How big a PDF can you import? We've successfully imported PDFs of up to 300 pages. The importer works best when the source document is reasonably well-structured — a chaotic 300-page PDF is going to produce chaotic HTML.
Will importing lots of PDFs dramatically increase the page count on my site? Not in the way you might worry about. The importer uses natural breaks and pagination rather than dumping everything onto one giant page. For tools like Siteimprove that charge per page, it's worth checking your contract — but in practice the impact is minimal.
Does it pull through alt text for images and tables? Not automatically, but AI can generate it. You can include a prompt instruction to generate alt text for images, and the quality is generally good enough to be a useful starting point. You'd still want a human to review it.
Can I tell it to change all headings to sentence case? Yes. You can include formatting instructions like this in the AI prompt — small, consistent fixes applied across a whole document in one pass.
What about telephone numbers and hyperlinks that aren't active in the PDF? The AI can be prompted to recognise these patterns and make them clickable. It's not automatic right now, but it's a straightforward addition to the prompt.
Does it work with footnotes? It's an area of active development. Not fully solved yet — watch this space.
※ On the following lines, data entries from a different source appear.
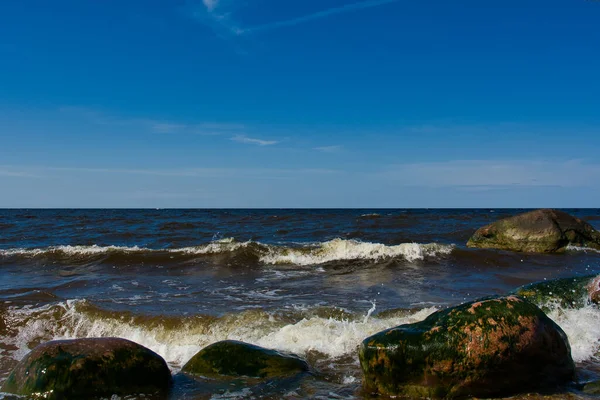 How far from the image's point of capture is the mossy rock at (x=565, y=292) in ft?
21.2

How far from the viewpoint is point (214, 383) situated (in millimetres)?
4508

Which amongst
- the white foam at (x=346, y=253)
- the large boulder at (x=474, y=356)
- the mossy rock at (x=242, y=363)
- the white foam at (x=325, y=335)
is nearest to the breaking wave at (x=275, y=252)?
the white foam at (x=346, y=253)

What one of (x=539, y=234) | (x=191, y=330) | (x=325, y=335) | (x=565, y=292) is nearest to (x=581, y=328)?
(x=565, y=292)

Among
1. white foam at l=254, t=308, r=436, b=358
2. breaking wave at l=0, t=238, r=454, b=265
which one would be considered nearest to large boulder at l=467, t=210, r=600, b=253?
breaking wave at l=0, t=238, r=454, b=265

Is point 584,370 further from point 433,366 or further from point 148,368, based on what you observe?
point 148,368

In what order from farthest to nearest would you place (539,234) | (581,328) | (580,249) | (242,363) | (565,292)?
(580,249)
(539,234)
(565,292)
(581,328)
(242,363)

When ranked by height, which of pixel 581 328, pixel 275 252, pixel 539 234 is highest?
pixel 539 234

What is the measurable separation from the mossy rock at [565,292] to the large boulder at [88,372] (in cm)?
490

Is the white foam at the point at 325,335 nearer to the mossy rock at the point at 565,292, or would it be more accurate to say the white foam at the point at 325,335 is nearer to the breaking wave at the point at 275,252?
the mossy rock at the point at 565,292

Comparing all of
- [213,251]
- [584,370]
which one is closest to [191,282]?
[213,251]

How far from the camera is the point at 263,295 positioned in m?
8.82

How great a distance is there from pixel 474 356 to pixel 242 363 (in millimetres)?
2153

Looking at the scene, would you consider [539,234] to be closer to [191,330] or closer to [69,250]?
[191,330]

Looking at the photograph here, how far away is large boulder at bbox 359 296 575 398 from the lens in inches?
155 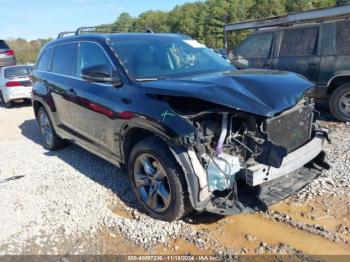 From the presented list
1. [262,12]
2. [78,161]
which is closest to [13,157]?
[78,161]

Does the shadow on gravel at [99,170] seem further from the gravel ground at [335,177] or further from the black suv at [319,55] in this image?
the black suv at [319,55]

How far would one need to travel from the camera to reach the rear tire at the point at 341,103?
684 centimetres

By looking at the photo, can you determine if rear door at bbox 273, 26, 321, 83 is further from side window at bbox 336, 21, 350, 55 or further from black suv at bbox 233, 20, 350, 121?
side window at bbox 336, 21, 350, 55

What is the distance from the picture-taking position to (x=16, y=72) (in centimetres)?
1257

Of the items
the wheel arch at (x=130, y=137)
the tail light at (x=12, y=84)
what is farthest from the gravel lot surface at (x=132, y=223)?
the tail light at (x=12, y=84)

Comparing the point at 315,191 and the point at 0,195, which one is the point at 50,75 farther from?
the point at 315,191

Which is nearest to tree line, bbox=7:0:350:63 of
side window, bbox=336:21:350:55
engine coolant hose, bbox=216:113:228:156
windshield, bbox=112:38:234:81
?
side window, bbox=336:21:350:55

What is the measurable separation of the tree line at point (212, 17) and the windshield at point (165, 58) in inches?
910

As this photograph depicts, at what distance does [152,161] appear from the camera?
368 centimetres

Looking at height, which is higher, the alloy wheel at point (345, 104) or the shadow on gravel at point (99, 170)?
the alloy wheel at point (345, 104)

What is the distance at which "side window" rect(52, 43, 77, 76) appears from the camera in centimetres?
514

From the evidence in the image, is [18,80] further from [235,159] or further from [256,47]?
[235,159]

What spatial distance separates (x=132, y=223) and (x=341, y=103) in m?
5.09

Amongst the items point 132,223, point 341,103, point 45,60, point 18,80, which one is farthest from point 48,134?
point 18,80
Does it work with Microsoft Copilot? Not directly. Copilot works differently from AI providers like OpenAI, Google Gemini, or AWS Bedrock and isn't compatible with the Drupal AI module in the same way. There are several solid alternatives depending on how your council is set up — Gemini works well (Colchester are using it without issues), and AWS Bedrock is worth exploring if you're hosted in that environment. Get in touch and we can help you find the right fit.
Can I edit the content after it's been imported? Yes. Once imported, the content behaves like any other content in Drupal. You can edit, correct, and update it as normal before publishing.
Does it work with Word documents? Not directly, but you can save a Word doc as a PDF first and then import it. This works particularly well when the original document is fairly plain — images and basic formatting come through cleanly.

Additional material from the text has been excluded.